26 hours into the war
Things are very quiet at 7:15 this Friday morning. No aircraft, no cars on the street I can hear, I don't hear the trains running. Of course no construction on the new metro bridge through our neighborhood. We still have light, telephones and Internet.
Oksana spent the day glued to the news. Most people can't stay away from in times of crisis. In my life the same thing is happened on the day Kennedy was assassinated, the day Princess Diana died and 911. I went shopping in the morning, inflated the tires on my bike because I think I will need it, and worked out on the exercise machine. I got a call from Gary in London about 7 o'clock bringing me fully up to date.
Oksana and Eddie had mentioned during the day that there were Russian helicopters on Air Force bases around Kyiv, and shooting from helicopters in Kharkiv and Mariupol. Helicopters are easy to take out with man-carried missiles. The fact that they were able to operate with impunity told the story. With no worries about aerial attack, the Russian tanks could simply advance along roads. They progressed amazingly quickly.
People from around the country reported them in front of their houses, across the street and so on. Russia possesses a great many. They weren't shooting at anything, just making sure that everybody knew they were there.
Gary told me that Ukrainian troops had surrendered in large numbers. Another friend Gary here in Ukraine called to say that Pres. Zelensky was offering to give a weapon to any man of any age willing to step up and defend the country. That sounds like desperation – like the Germans giving guns to sub teen boys in the last days of World War II. He and I agreed that you wouldn't want to use one if you got it, and you wouldn't want to be on the list of people that had them. We're keeping our heads down.
My opinion has been that Russia could conquer Ukraine easily. How easily, I was off by an order of magnitude. Judging from the quiet, it is all over after 24 hours.
What comes next? There is speculation about Russia's further targets. Word is that they sent armored columns down in Western Ukraine to cut off the retreat of the (super patriots fascists, right wing) who have been a constant thorn in Russia's side since Soviet days and were the backbone of the Ukrainian fighting forces in Donbass. That would be consistent with Putin's claim that they are going to "de-nazify" Ukraine.
There is also speculation that Russia wants to shut down the 11 United States sponsored biowarfare labs here in Ukraine. I've been reading quite a bit about them the last couple of months. The indications are that they are doing the same sort of work as Fort Dietrich and Wuhan. Some report that there have been outbreaks of strange diseases here in Ukraine. See dailyexpоse dot uk. At any rate, Ukraine has no need for such facilities.

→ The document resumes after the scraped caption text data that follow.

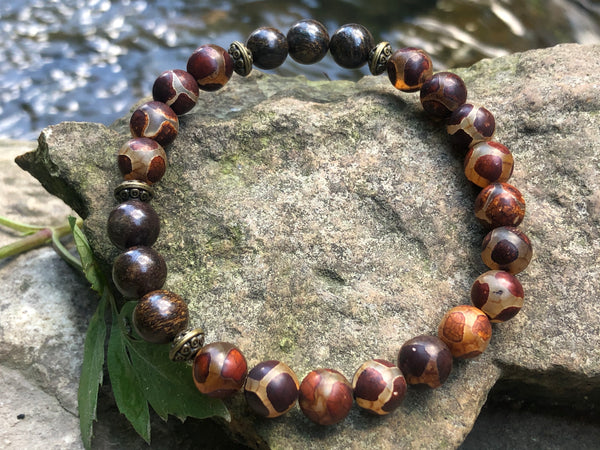 Tibetean DZI agate & Bronzite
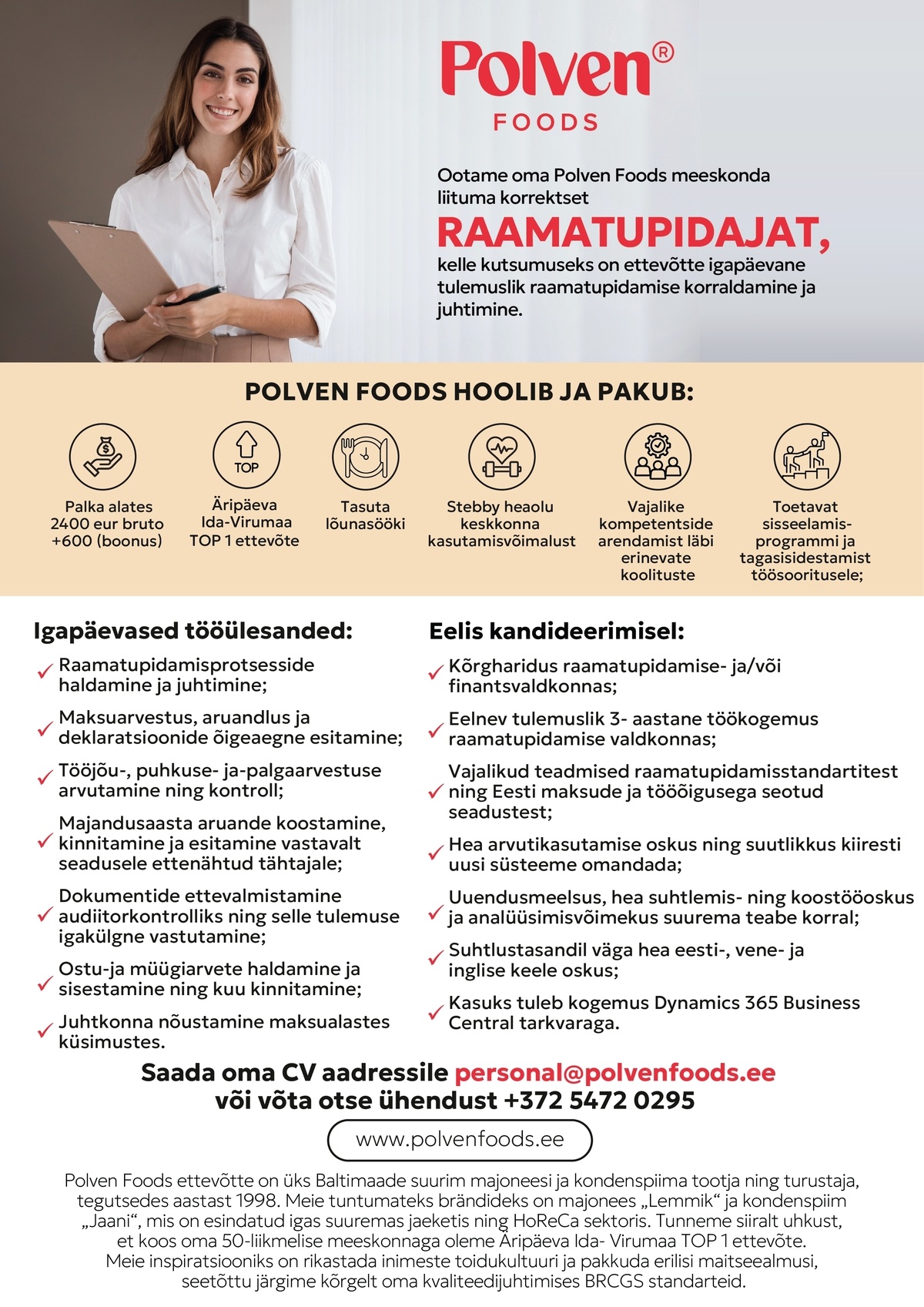 Polven Foods OÜ Polven Foods värbab RAAMATUPIDAJA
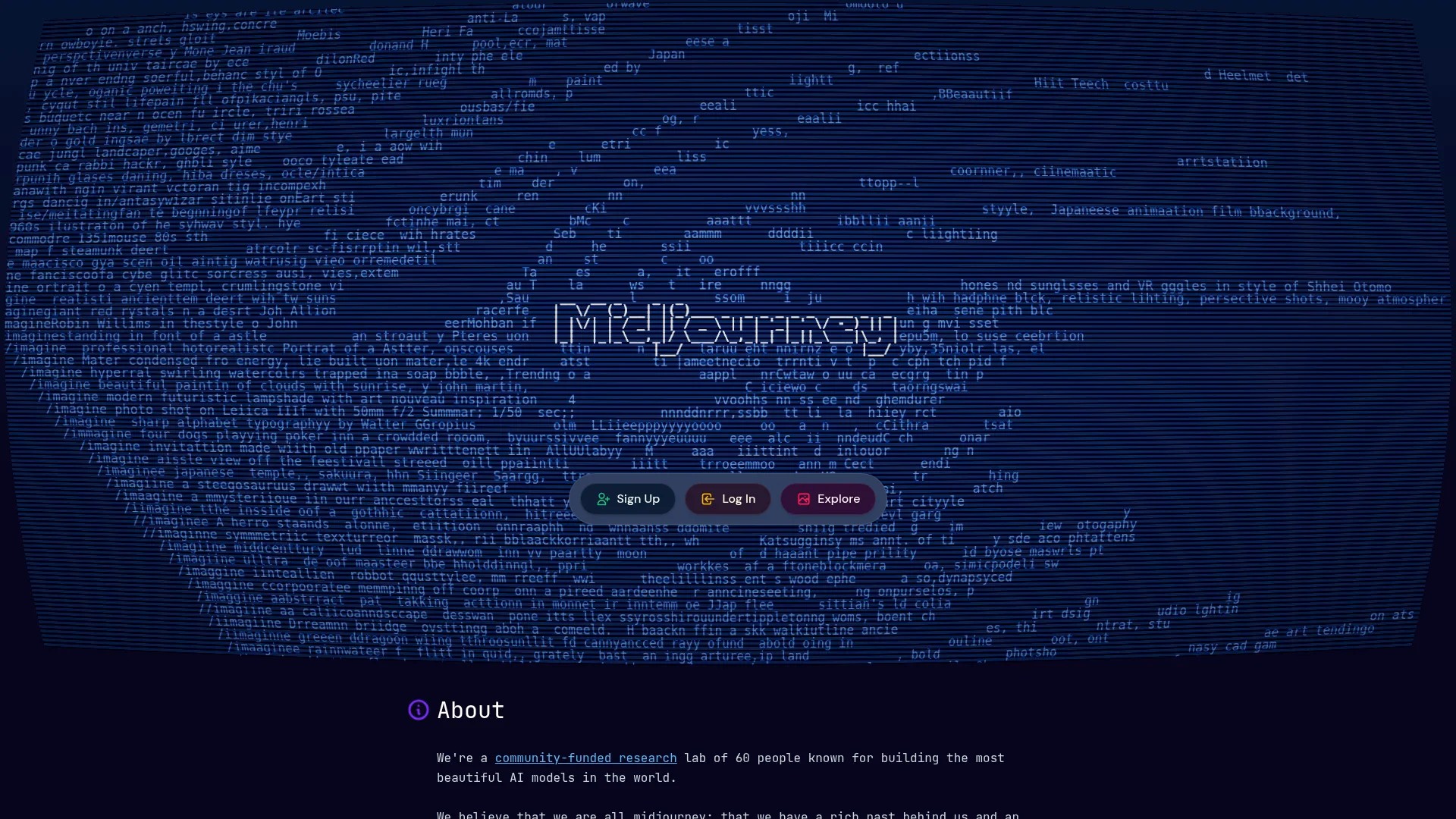 Screenshot of https://www.midjourney.com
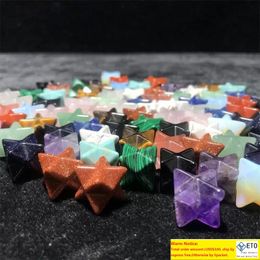 Merkaba Hexagram Star Qaurtz Chakra Stone Crafts Energy Healing Reiki Crystal Hand Play Home Decoration Stone Handwerkgravures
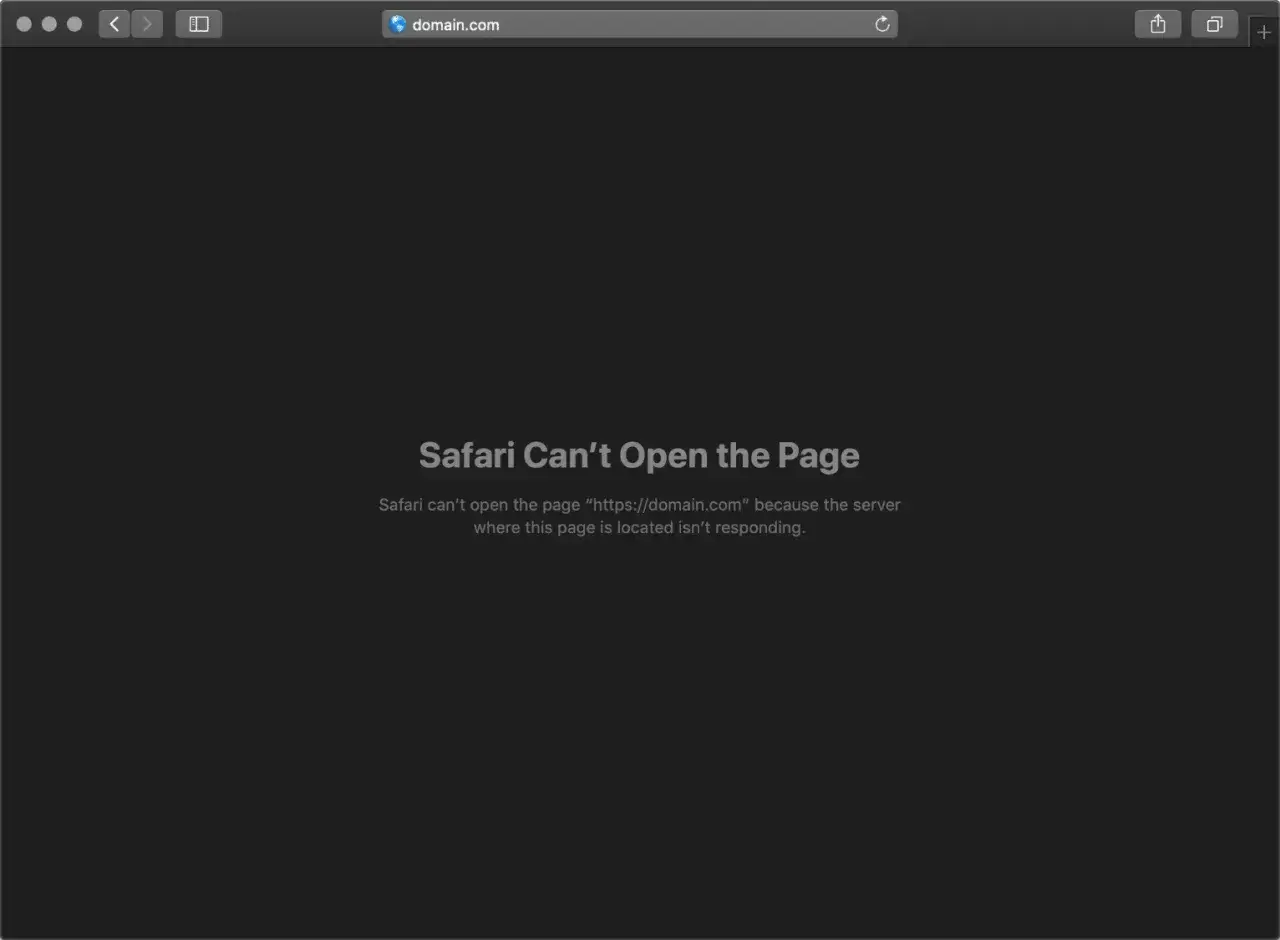 Safari nie może otworzyć strony. Wystąpił błąd **err_connection_timed_out**. Serwer nie odpowiada.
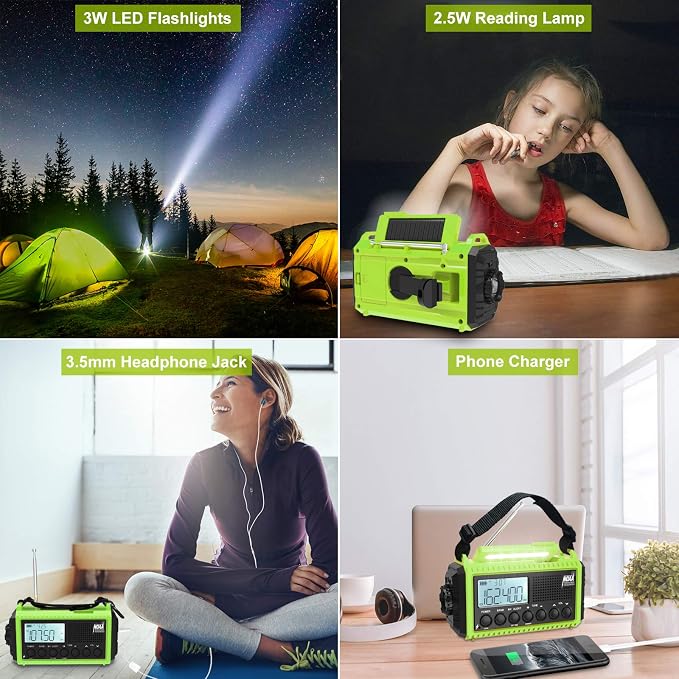 Raynic Emergency Weather Radio, 5000mAh/18500mWh Weather Radio, Portable Solar - Image 3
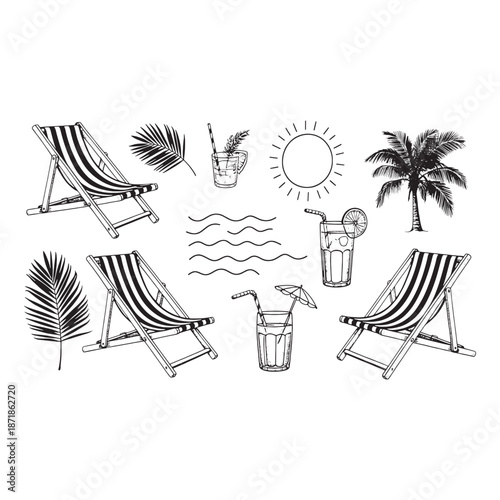 Black and white of beach chairs drinks palm trees and sun deck chairs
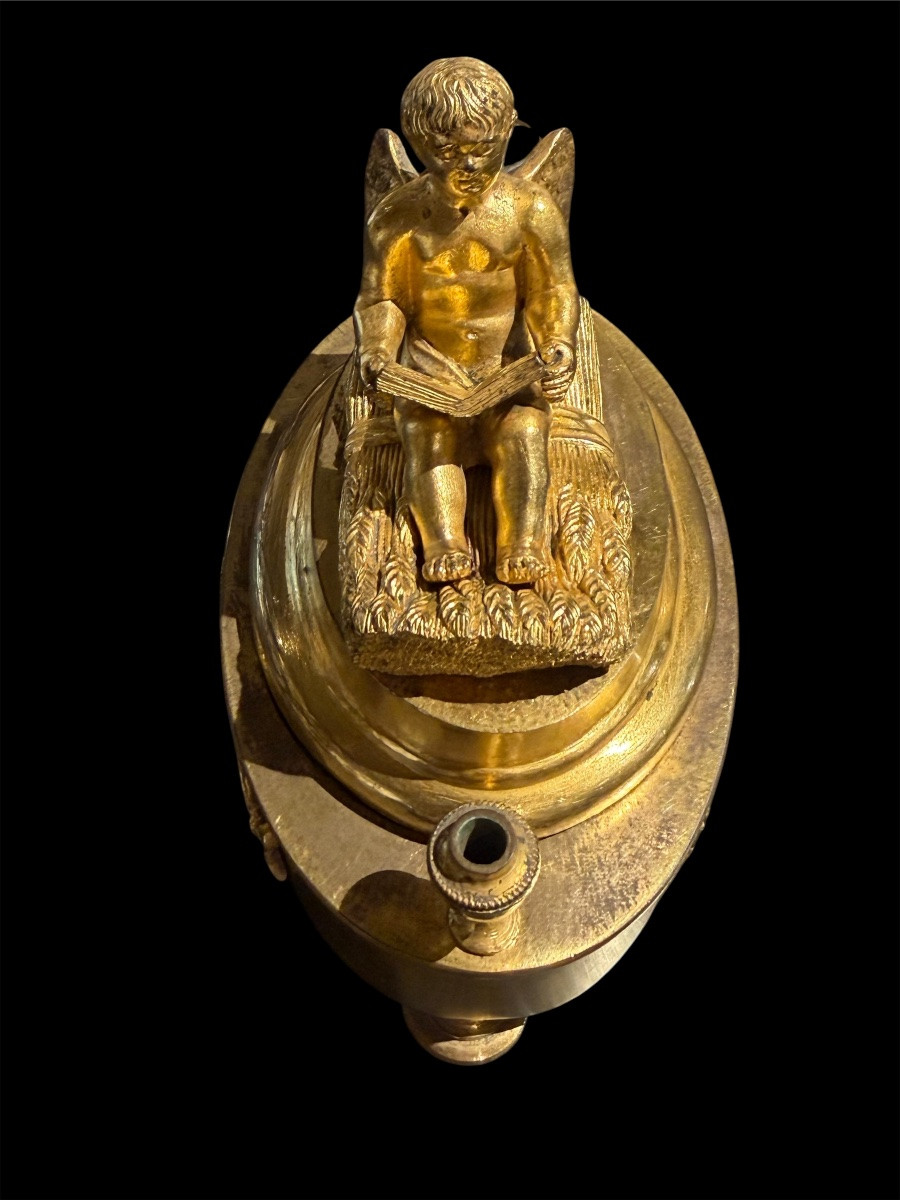 Encrier en bronze doré Époque Empire, France vers 1810-1820-photo-3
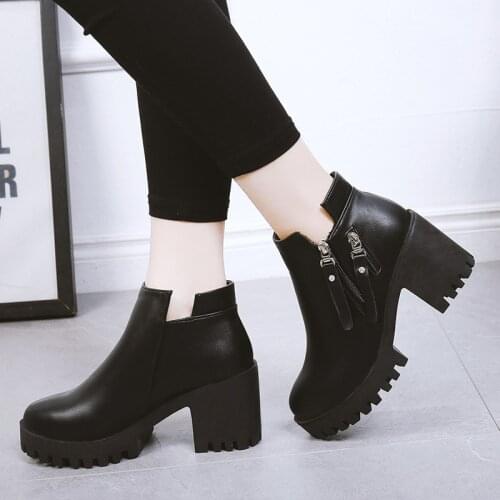 Block Heel Platform Boots Women Winter Shoes 7.5CM High Heels Boots Women New Fashion Zippers Leather Boots Botas Plataforma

The big question is what kind of government we will have. The answer is, whatever kind Russia wants. Russia will minimize its long-term problems to the extent that it is a popular government. Within the last month American sources of floated lists of people that the Russians might install. I thought it was fantasy. Perhaps not. The Yanukovych era pols listed would not be well received. Not that anybody's going to ask me, but I think that Putin would do well to keep Zelensky. He seems to be a pretty practical sort, 70% voted for him in the election, and without backbiting from the oligarchs he might be effective.
Putin's takeover of the Donbass and Crimea was a disaster for the economies of both. The fact that people lost their livelihoods made the Russians unpopular. I don't see anything terribly political about the major industrial sectors here in Ukraine. I hope that IT outsourcing and agriculture can proceed unimpeded.
The Russophiles here point to a cultural stability, perhaps illusory. Putin at least pays lip service to Christianity and traditional values. I would expect the Orthodox Church to continue to be strong, although maybe the Ukrainian branch will be pressured to rejoin the Russian branch. Such a move would seem to affect the church hierarchy a whole lot more than the ordinary worshipers. Orthodox Christianity, like Roman Catholicism in Latin America, is a rather passive affair. You just go to the church to listen to the music, repeat the memorized prayers, and listen to an occasional short sermon.
Oksana and I have gotten to know our neighbors pretty well over the last couple of years. She told me yesterday that they had formed a Viber group to stay in touch easily. Uncertain times such as these give rise to looting, home invasions and the like. I'm glad that we are off the beaten path and know each other. I have never subscribed to any of the private security outfits operating around here. I'm going to keep my eyes and ears open – that might be worth the money.
That's the news – or lack thereof – from Lake WeBeGone, where the strong men are glad that there are other strong men around, the good looking women can turn to useful domestic undertakings such as the vegetable gardens, and the children need to be kept busy with learning. We don't know what kind of world they will be entering, but they had better not go in ignorant.